*675OPINION.
Marquette :The parties hereto have agreed that the petition in Docket No. 42185 should be dismissed, in so far as it relates' to the vear 1925 a,nd an order to that effect will be entered.
*676The first question presented is whether the depreciated cost to the petitioner of the frame building and equipment which were demolished and removed from the premises which the petitioner leased to Deuel and Scofield should be capitalized and deducted ratably by the petitioner over the term of the lease, as contended by the respondent, or deducted in 1923 as a loss sustained in that year, as claimed by the petitioner. The respondent relies on the decisions of this Board in Charles N. Manning et al., 7 B. T. A. 286;. William Ward, 7 B. T. A. 1107, and Anahma Realty Corporation, 16 B. T. A. 749 (affd., 42 Fed. (2d) 128), in which it was held that the unextinguished cost of certain buildings removed, or permitted to be removed, in order to obtain a long-term lease of the land on which the building was situated, represented cost to the lessor of such lease, and should be deducted ratably over the term of the lease.
The petitioner urges, however, that the Manning case, which was approved and followed in the Ward and Anahma Realty Co. cases, was predicated on the fact that the income of the taxpayers from the property under the 99-year lease was considerably better than their income from the property prior to the execution of the lease, and also better than they had any prospect of securing elsewhere, and that their only motive in entering into the lease was that of bettering their income from the property.
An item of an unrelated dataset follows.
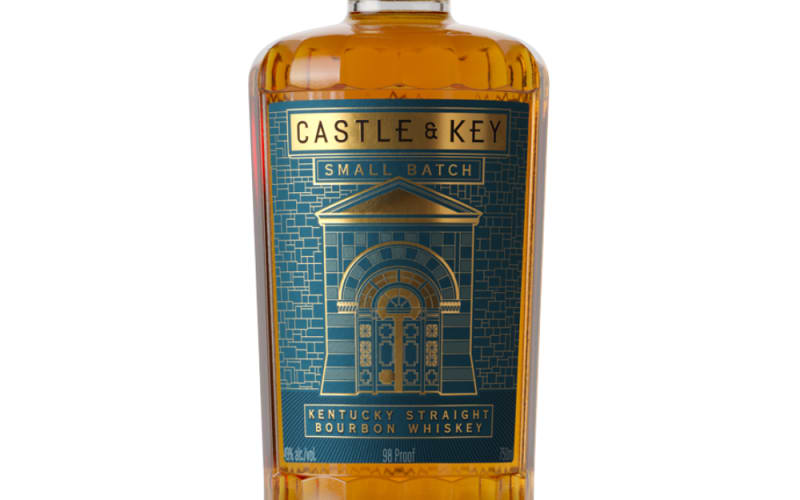 CASTLE & KEY SMALL BATCH BOURBON WHISKEY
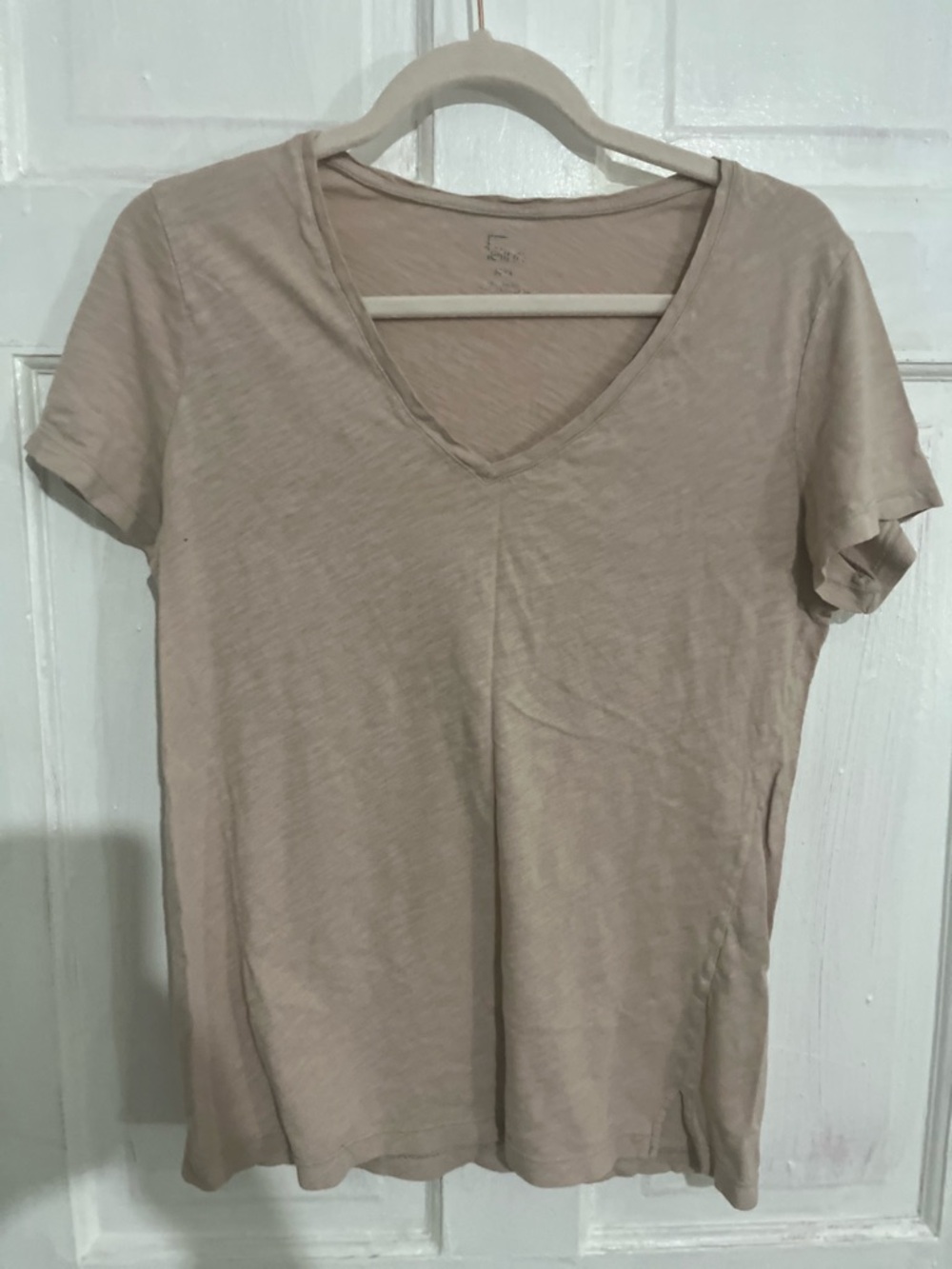 Felina Short Sleeve V-Neck Tee in Light Taupe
The petitioners further say that during the year 1923, and prior thereto, they had been advised that the authorities of Los Angeles considered the building then on their property a fire menace and contemplated condemnation proceedings, and that the property with the old building on it was capable of producing greater annual net revenue than the petitioner received under the 99-year lease.
Assuming that the Manning decision is susceptible of the narrow interpretation placed on it by the petitioner, it does not follow that the petitioner has placed itself outside of the scope of the case. The stipulated facts, which constitute the only evidence before us, show that the petitioner had been advised in 1923, and prior thereto, that its building was considered a fire menace by the authorities of Los Angeles, and that condemnation proceedings were contemplated, but they do not show that such proceedings were imminent or that they in any way induced or impelled the petitioner to enter into the 99-year lease which provided for the demolition of the building. Furthermore, the stipulated facts do not show that upon the execution of the 99-year lease the petitioner was in a less favorable position than it was before. It is true that the 99-year lease provided for a smaller annual rental than the petitioner could have secured for its frame building for the next five years, but it does not follow that a 99-year lease for $90,000 per year is less favorable than a 5-year lease on the same property at $113,000 per year. We are unable to see any essen*677tial difference between the facts of the instant proceeding and those of the cases cited, and we are of opinion that those decisions are decisive of this issue, and that the depreciated cost of the building and equipment in question represent cost to the petitioner of the 99-year lease and should be amortized over that period.'
The only other question is whether the several amounts expended by the petitioner in connection with the negotiation of the 99-year lease should be deducted as ordinary and necessary business expenses or capitalized and deducted ratably over the period of the lease. The status of expenditures of this kind has been before the Board on a number of occasions and the conclusion has been definitely reached and announced that they are capital .expenditures and should be amortized over the terms of the leases in connection with which they were made. Bonwit Teller & Co., 11 B. T. A. 1019; James M. Butler, 19 B. T. A. 718; and Evalena M. Howard, 19 B. T. A. 865.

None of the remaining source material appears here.